Flower fragrance is not a straightforward matter it turns out. It varies, according to the ratings of the American Rose Society, from Strong, Moderate and Mild, to None. So many roses were scented I was not surprised to discover 81 percent of the roses had some scent.
One of the paths lined with statues
At the time of our visit, excluding the miniatures and miniflora’s, 40 percent of the roses had a Strong scent, 19 percent Moderate, 22 percent Mild and 19 percent had no fragrance.
Ms. Smith is a former research scientist in the neuroscience field. Throughout thirty years in science, horticulture was always a part of her life. Care of the garden was no accident. Although she was the only employee dedicated to the garden when needed six estate gardeners were available to lend a hand. And 26 volunteers, including 15 seasonal visitors to the area, worked in the garden from three to 12 hours per month.
Karen Smith, MSc., curator, Mable Ringling Rose Garden
There are many challenges and stresses that can affect rose plants, the garden curator explained. She relies on Best Management Practices and a weekly monitoring system during which more than 100 bushes are inspected each week.
“A rating is given for pests and diseases,” she said by email. “If it is determined that the disease or pest is at a level that is unacceptable, treatment occurs. We use the safest treatment possible for each situation. For example when the weather is cool enough we will use Neem Oil as our pesticide for Aphids, Mites, Thrip, and Scale. Every spring we remove the old mulch and bring in 75 cubic yards of compost, fertilize, and re-mulch
When asked for fertilizer specifics she shared details generously, “Currently for fertilizer we use a 4-3-4 Turkey Manure (Mighty Grow) and 16-0-0 Blood meal – each four times a year. Supplement with a Sul-Po-Mag (0-0-22) twice a year. For example to fertilize once using the Mighty Grow takes 650 lbs.”
What are the best months to see the roses in bloom and at their most fragrant? December and January as well as March and April. In 2017 Hurricane Irma caused some damage to the garden so it was not at its prettiest during our visit.
“We have two cut-backs a year, one in February and one in September, the garden curator said. “The large blooms occur approximately 8 weeks after cutback.
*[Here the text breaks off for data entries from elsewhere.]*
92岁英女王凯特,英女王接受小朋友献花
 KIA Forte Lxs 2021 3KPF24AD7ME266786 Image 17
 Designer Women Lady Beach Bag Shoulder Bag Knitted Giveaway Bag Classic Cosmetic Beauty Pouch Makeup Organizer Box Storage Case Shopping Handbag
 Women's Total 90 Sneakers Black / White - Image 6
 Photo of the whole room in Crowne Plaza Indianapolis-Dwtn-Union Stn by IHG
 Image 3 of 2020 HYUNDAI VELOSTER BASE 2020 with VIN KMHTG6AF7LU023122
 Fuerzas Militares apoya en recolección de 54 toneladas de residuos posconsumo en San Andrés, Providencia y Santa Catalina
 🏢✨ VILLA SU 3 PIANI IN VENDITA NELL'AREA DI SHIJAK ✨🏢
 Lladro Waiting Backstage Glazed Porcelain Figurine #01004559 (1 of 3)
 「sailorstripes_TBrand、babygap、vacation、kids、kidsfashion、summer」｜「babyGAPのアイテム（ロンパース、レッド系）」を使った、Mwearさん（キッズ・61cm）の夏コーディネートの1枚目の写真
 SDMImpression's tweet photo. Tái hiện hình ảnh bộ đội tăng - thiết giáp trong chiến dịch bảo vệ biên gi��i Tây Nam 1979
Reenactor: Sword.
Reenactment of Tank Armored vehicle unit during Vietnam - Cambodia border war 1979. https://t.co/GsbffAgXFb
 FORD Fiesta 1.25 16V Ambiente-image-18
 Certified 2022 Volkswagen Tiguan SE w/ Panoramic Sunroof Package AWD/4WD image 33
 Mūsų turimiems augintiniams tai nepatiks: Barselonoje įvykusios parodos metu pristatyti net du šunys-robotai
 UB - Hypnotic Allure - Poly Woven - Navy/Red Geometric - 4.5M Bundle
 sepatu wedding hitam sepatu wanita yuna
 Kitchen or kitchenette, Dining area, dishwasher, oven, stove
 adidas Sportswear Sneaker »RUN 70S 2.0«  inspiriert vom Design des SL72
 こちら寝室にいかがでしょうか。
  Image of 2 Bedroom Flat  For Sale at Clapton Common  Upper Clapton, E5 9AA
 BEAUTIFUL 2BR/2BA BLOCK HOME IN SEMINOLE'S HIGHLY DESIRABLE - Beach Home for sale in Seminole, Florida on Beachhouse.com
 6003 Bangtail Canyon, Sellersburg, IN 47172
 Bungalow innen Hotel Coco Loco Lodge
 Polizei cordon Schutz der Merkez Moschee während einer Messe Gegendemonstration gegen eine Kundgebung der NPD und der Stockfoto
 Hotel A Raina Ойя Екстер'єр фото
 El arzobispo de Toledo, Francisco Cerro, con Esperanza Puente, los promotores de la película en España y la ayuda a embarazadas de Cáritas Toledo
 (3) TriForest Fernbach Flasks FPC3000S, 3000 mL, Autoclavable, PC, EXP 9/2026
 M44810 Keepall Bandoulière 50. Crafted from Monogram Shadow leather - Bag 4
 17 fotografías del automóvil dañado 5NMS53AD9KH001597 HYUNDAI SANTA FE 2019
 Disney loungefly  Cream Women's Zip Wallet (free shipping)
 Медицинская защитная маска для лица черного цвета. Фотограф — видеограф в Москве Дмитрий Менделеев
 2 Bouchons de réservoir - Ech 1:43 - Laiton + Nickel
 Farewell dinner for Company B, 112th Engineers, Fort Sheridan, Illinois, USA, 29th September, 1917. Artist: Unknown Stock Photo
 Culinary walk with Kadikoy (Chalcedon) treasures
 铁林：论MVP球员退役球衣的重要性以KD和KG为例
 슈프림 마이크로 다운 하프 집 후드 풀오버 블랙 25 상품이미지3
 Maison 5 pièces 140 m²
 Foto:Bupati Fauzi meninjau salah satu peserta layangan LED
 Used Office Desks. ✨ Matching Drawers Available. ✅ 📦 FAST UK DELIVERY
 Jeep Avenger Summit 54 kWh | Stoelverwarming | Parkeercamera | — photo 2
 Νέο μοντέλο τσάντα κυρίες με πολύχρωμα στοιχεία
It take us 3 weeks to complete the cutback- therefore the bloom is in phases comparable to the cutback.”
Many visitors strolled through the garden on the day of our visit.
We later discovered the garden dates back to 1913. Sadly, none of the plants from Mable’s era remain. The garden consists of 1,200 rose plants introduced between 1793 and 2002, among them Tree Roses, Hybrid Teas, Floribundas, Grandifloras, miniature roses, shrubs, Old Garden Roses (varieties introduced prior to 1867). Among them was a rose dedicated to Mable.
The Italian inspired Rose Garden has a circular wagon wheel design.
(Click photo to view full size)
The 27,225 square foot Italian inspired Rose Garden has a circular wagon wheel design and pathways lined with garden sculptures of courting couples in pastoral scenes. By the late 1930s the estate and the garden fell into disrepair. Many years passed before it returned to a state similar to the one we saw during our visit. By 2004 the garden was restored thanks to the efforts of the resident horticulturist, Ron Mallory and the volunteers he recruited.
It received accreditation from the All-American Rose Selections in 2004, and recognition in 2006 as the most outstanding All-American Rose Selections Public Rose Garden in the nation.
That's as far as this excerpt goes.